--- START ---
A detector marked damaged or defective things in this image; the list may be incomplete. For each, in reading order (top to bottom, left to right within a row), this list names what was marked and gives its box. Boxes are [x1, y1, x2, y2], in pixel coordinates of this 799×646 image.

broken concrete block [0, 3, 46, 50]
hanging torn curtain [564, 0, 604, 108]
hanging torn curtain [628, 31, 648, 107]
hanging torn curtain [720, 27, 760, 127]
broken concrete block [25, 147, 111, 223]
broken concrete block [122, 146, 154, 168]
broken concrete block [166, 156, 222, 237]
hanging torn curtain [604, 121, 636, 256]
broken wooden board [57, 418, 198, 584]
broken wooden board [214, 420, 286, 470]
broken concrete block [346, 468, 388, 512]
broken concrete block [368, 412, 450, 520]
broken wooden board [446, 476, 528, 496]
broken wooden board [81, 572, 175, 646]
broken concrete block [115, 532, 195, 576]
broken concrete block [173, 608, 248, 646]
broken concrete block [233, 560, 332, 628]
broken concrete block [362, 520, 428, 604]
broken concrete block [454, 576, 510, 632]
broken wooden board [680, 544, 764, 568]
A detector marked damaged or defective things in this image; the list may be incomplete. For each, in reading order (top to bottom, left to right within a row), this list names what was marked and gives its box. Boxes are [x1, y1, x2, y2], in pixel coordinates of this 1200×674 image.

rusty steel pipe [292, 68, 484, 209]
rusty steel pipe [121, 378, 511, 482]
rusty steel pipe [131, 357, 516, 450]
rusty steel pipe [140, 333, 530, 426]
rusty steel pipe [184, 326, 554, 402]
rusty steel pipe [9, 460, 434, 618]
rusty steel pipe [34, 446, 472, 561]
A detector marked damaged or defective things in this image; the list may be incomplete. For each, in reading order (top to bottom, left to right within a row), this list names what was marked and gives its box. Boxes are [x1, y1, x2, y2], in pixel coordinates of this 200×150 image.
--- END ---
▶ [Task statement] A full, exact repeat of the entries above is required.

▶ [Output for this exercise]
A detector marked damaged or defective things in this image; the list may be incomplete. For each, in reading order (top to bottom, left to right within a row), this list names what was marked and gives its box. Boxes are [x1, y1, x2, y2], in pixel coordinates of this 799×646 image.

broken concrete block [0, 3, 46, 50]
hanging torn curtain [564, 0, 604, 108]
hanging torn curtain [628, 31, 648, 107]
hanging torn curtain [720, 27, 760, 127]
broken concrete block [25, 147, 111, 223]
broken concrete block [122, 146, 154, 168]
broken concrete block [166, 156, 222, 237]
hanging torn curtain [604, 121, 636, 256]
broken wooden board [57, 418, 198, 584]
broken wooden board [214, 420, 286, 470]
broken concrete block [346, 468, 388, 512]
broken concrete block [368, 412, 450, 520]
broken wooden board [446, 476, 528, 496]
broken wooden board [81, 572, 175, 646]
broken concrete block [115, 532, 195, 576]
broken concrete block [173, 608, 248, 646]
broken concrete block [233, 560, 332, 628]
broken concrete block [362, 520, 428, 604]
broken concrete block [454, 576, 510, 632]
broken wooden board [680, 544, 764, 568]
A detector marked damaged or defective things in this image; the list may be incomplete. For each, in reading order (top to bottom, left to right within a row), this list names what was marked and gives its box. Boxes are [x1, y1, x2, y2], in pixel coordinates of this 1200×674 image.

rusty steel pipe [292, 68, 484, 209]
rusty steel pipe [121, 378, 511, 482]
rusty steel pipe [131, 357, 516, 450]
rusty steel pipe [140, 333, 530, 426]
rusty steel pipe [184, 326, 554, 402]
rusty steel pipe [9, 460, 434, 618]
rusty steel pipe [34, 446, 472, 561]
A detector marked damaged or defective things in this image; the list may be incomplete. For each, in reading order (top to bottom, left to right within a row), this list names what was marked and gives its box. Boxes are [x1, y1, x2, y2], in pixel coordinates of this 200×150 image.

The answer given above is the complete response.